Glucose dissociates DDX21 dimers to regulate mRNA splicing and tissue differentiation. Cell Miao, W., Porter, D. F., Lopez-Pajares, V., Siprashvili, Z., Meyers, R. M., Bai, Y., Nguyen, D. T., Ko, L. A., Zarnegar, B. J., Ferguson, I. D., Mills, M. M., Jilly-Rehak, C. E., Wu, C., Yang, Y., Meyers, J. M., Hong, A. W., Reynolds, D. L., Ramanathan, M., Tao, S., Jiang, S., Flynn, R. A., Wang, Y., Nolan, G. P., Khavari, P. A. 2023; 186 (1): 80


Glucose is a universal bioenergy source; however, its role in controlling protein interactions is unappreciated, as are its actions during differentiation-associated intracellular glucose elevation.
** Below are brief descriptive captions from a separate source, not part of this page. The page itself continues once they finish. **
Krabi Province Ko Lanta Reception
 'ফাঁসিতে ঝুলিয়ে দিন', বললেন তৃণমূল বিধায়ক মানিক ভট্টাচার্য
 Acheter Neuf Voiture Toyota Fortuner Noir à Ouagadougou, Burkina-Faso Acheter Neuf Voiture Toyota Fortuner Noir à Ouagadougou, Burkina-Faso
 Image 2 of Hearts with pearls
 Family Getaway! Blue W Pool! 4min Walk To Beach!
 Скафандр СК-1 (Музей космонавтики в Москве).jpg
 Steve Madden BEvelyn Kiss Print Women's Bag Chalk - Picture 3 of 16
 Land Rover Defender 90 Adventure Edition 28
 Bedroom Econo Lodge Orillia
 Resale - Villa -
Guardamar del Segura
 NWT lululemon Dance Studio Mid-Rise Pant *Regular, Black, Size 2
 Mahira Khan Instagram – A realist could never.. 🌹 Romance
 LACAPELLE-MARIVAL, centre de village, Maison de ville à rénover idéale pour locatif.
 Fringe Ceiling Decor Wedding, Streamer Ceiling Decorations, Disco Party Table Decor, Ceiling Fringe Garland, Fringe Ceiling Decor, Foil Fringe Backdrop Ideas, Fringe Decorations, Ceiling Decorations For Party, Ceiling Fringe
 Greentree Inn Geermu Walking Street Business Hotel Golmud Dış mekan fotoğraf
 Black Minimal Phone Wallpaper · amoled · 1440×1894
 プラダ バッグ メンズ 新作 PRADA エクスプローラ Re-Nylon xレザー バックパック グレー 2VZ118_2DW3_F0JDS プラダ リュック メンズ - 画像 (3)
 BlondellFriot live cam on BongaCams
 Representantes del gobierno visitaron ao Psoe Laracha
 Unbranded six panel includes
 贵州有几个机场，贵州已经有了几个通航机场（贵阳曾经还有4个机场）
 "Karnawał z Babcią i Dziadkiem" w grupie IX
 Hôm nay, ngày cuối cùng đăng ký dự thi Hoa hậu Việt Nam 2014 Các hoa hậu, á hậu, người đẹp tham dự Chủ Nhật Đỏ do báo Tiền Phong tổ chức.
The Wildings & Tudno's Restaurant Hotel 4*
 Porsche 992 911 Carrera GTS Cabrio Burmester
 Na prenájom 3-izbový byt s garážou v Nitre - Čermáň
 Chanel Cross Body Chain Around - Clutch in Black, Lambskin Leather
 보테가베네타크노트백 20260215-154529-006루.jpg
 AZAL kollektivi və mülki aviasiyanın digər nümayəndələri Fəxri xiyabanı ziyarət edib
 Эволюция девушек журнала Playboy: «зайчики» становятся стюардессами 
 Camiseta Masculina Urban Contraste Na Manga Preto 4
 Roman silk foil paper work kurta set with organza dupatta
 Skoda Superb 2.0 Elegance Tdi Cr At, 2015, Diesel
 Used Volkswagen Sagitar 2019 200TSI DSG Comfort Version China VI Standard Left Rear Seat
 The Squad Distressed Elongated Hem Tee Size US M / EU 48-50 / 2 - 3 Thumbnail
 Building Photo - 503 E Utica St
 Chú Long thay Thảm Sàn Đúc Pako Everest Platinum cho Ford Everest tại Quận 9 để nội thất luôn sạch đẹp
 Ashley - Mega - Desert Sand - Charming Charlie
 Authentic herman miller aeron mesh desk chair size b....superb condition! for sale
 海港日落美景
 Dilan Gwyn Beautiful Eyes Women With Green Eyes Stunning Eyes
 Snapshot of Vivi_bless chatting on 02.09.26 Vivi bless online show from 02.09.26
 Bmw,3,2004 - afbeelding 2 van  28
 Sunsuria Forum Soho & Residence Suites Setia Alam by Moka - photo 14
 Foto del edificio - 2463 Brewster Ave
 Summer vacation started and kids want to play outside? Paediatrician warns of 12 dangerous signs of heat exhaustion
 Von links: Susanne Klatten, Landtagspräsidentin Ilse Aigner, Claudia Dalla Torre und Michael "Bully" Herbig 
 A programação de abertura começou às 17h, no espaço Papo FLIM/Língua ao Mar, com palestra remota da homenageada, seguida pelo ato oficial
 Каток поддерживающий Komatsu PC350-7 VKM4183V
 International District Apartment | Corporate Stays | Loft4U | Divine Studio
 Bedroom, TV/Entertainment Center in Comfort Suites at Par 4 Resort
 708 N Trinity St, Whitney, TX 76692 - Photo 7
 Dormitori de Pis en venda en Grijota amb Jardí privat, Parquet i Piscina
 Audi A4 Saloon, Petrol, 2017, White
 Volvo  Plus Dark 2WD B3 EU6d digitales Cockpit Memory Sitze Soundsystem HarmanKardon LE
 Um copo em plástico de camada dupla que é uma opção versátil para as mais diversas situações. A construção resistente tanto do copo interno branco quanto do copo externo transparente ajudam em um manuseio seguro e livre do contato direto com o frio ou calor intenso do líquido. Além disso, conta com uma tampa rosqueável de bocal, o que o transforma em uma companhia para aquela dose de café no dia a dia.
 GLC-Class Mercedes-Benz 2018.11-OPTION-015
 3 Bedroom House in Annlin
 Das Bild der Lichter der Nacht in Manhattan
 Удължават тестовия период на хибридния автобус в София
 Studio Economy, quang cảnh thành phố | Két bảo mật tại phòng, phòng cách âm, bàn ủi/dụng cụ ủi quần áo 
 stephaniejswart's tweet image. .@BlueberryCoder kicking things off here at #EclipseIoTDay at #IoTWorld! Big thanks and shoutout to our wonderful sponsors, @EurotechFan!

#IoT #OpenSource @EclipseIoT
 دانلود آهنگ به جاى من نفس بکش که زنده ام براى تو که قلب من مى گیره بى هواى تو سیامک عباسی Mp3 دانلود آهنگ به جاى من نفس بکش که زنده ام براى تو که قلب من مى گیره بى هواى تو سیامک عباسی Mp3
Azido-glucose click chemistry identified glucose binding to a variety of RNA binding proteins (RBPs), including the DDX21 RNA helicase, which was found to be essential for epidermal differentiation. Glucose bound the ATP-binding domain of DDX21, altering protein conformation, inhibiting helicase activity, and dissociating DDX21 dimers. Glucose elevation during differentiation was associated with DDX21 re-localization from the nucleolus to the nucleoplasm where DDX21 assembled into larger protein complexes containing RNA splicing factors. DDX21 localized to specific SCUGSDGC motif in mRNA introns in a glucose-dependent manner and promoted the splicing of key pro-differentiation genes, including GRHL3, KLF4, OVOL1, and RBPJ. These findings uncover a biochemical mechanism of action for glucose in modulating the dimerization and function of an RNA helicase essential for tissue differentiation.